Close

March 21, 2024

The 2024 Software Heritage Community Workshop

On January 31st, 2024, members of the Software Heritage community came together at the Inria research center in Paris, France. This gathering, a prelude to the 2024 Symposium, was a chance for people from various backgrounds – developers, curators, librarians, open source advocates, and researchers from around the world – to share ideas and work together towards a common goal, like an orchestra: where every instrument contributes to the melody. In this blog post, we’ll give you a brief overview of what happened at the workshop and highlight some of the key insights that were shared. The 2024 workshop marks its third edition and introduces a full day of sessions for the first time, including several in an unconference style.

 

Software Heritage community workshop | © Photo Personal archive

🤿 Dive directly into the pragmatic results of this year’s workshop!

Draw me a community: the community event lineup

When developers, curators, librarians, open-source supporters and researchers from all over the world meet, what are they talking about?

Well, they talk about software preservation and the different aspects that this gigantic task requires.
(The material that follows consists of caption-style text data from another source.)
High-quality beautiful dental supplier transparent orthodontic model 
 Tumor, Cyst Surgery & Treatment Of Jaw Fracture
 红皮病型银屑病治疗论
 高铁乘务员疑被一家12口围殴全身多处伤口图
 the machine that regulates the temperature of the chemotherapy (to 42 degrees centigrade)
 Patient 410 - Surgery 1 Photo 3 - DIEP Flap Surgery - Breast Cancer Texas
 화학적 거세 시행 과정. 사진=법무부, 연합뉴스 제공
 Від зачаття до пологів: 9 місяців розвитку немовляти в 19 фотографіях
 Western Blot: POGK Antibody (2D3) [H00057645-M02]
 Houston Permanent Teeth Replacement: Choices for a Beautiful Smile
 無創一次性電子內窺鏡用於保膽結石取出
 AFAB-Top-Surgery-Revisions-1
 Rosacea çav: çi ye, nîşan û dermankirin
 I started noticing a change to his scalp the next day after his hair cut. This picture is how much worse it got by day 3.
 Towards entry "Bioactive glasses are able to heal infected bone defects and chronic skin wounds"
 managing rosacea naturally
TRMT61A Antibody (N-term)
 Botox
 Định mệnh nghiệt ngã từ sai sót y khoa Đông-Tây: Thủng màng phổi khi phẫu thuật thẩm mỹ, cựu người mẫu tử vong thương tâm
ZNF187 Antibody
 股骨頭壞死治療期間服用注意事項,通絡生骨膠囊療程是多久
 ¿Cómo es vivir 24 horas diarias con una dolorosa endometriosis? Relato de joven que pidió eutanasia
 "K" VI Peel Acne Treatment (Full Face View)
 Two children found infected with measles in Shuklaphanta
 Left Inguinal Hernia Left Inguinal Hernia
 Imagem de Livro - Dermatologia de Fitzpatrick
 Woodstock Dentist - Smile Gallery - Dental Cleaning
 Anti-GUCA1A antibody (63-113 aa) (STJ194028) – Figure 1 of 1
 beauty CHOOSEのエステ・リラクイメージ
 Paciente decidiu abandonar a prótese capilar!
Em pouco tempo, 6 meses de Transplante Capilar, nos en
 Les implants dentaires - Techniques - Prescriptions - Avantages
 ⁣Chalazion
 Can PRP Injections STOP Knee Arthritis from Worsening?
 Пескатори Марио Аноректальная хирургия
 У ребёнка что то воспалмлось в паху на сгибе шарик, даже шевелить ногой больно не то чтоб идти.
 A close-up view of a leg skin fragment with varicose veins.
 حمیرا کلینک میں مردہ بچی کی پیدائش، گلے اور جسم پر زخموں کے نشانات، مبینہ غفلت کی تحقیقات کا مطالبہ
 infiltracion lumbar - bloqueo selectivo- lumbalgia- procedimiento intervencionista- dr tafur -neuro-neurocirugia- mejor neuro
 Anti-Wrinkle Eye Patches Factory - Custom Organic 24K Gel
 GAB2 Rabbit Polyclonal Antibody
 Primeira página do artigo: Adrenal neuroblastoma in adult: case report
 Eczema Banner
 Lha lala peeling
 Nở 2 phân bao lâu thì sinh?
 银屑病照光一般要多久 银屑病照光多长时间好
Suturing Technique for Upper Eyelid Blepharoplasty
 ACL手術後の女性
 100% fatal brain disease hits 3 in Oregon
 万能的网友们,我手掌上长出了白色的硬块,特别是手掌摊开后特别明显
The goals discussed involve expanding inclusivity to communities with varied skills beyond computer science, establishing global recognition of the Software Heritage Archive as a common infrastructure, forming special interest groups with clear objectives and timelines, and consistently enhancing the archive’s outreach and usability for a worldwide audience.

The workshop was facilitated by Mélissa from La Dérivation, who expertly conducted our day’s activities, ensuring every voice was heard, every insight shared. Behind the scenes, Sabrina Granger, Software Heritage’s Open Science Community Manager, has coordinated the ambassadors to contribute sessions and activities. The entire Software Heritage team took part in the workshop and acknowledged the opportunity to connect with their community during this event.

Beyond the infrastructure, a vivid community

Software Heritage community workshop | © Photo Personal archive

Software Heritage’s major asset, beyond the innovative and mutualised infrastructure, is its vibrant community, a diverse group dedicated to preserving and sharing software. Their collective efforts are crucial in maintaining software as an essential part of cultural and scientific heritage.

The main aims of the workshop were to care for and provide a place of collaboration for the community, making sure everyone is working together and staying engaged. The workshop aimed to increase involvement and improve how the team communicates with partners and contributors. This two-way strategy was designed to support growth and closely monitor the community’s progress and unity.

The menu of the community event

The morning parallel sessions included:

Software Heritage community workshop | © Photo Personal archive

 

  • Discuss arguments to engage people outside the open software community into the advantages of openness: Led by Claudia Bauzer Medeiro, the session participants explored strategies to broaden participation and support for Software Heritage. Part of these strategies were identifying key influencers, such as ambassadors and leaders, and tailoring arguments to resonate with various groups, including universities and researchers. It highlighted the power of storytelling to illustrate the benefits of openness and considered the needs and profiles of the target audience, from software creators to end users and data practitioners. The discussion concluded with the importance of preparing and disseminating engaging materials and training documentation to effectively communicate the value of software archiving.
  • Making interest groups a reality: Led by Nicolas Dandrimont, the participants tackled the challenge of formalizing interest groups within the Software Heritage community. The participants acknowledged existing communication obstacles, such as underutilized mailing lists and the need for better engagement platforms, suggesting forums could help overcome these issues by fostering more dynamic interactions. Emphasizing the importance of in-person and time-boxed events to accommodate the busy schedules of community members, by organizing goal-oriented gatherings, both online and offline.
  • Metadata and CodeMeta: Led by Alain Monteil, enhancing software visibility, citation, evaluation, and discoverability, alongside discussions on tools for CodeMeta integration, source code extraction, addressing limitations, and generating interoperable schemes.
  • Hurdles of contributing code: Led by Pierre-Yves David, the participants addressed challenges faced by contributors, including managing cross-module changes, the necessity for comprehensive integration testing with continuous integration systems, creating detailed documentation for deployment, and improving interaction with the core team. Strategies such as the use of frequent pings to maintain communication were discussed to streamline the contribution process.
  • Relations between Software Heritage and HAL, the French national archive: Led by Bértrand Néron and Pierre Poulain, the work was focused on how academic papers and software archiving interact. It showed how HAL supports academic visibility through search engines, Google Scholar, and its integration with the OpenAIRE graph, while also facilitating software citation. The discussion also highlighted how software can be archived in Software Heritage, with SWHIDs used to reference this software in HAL, emphasizing the practical steps to link software preservation with academic contributions.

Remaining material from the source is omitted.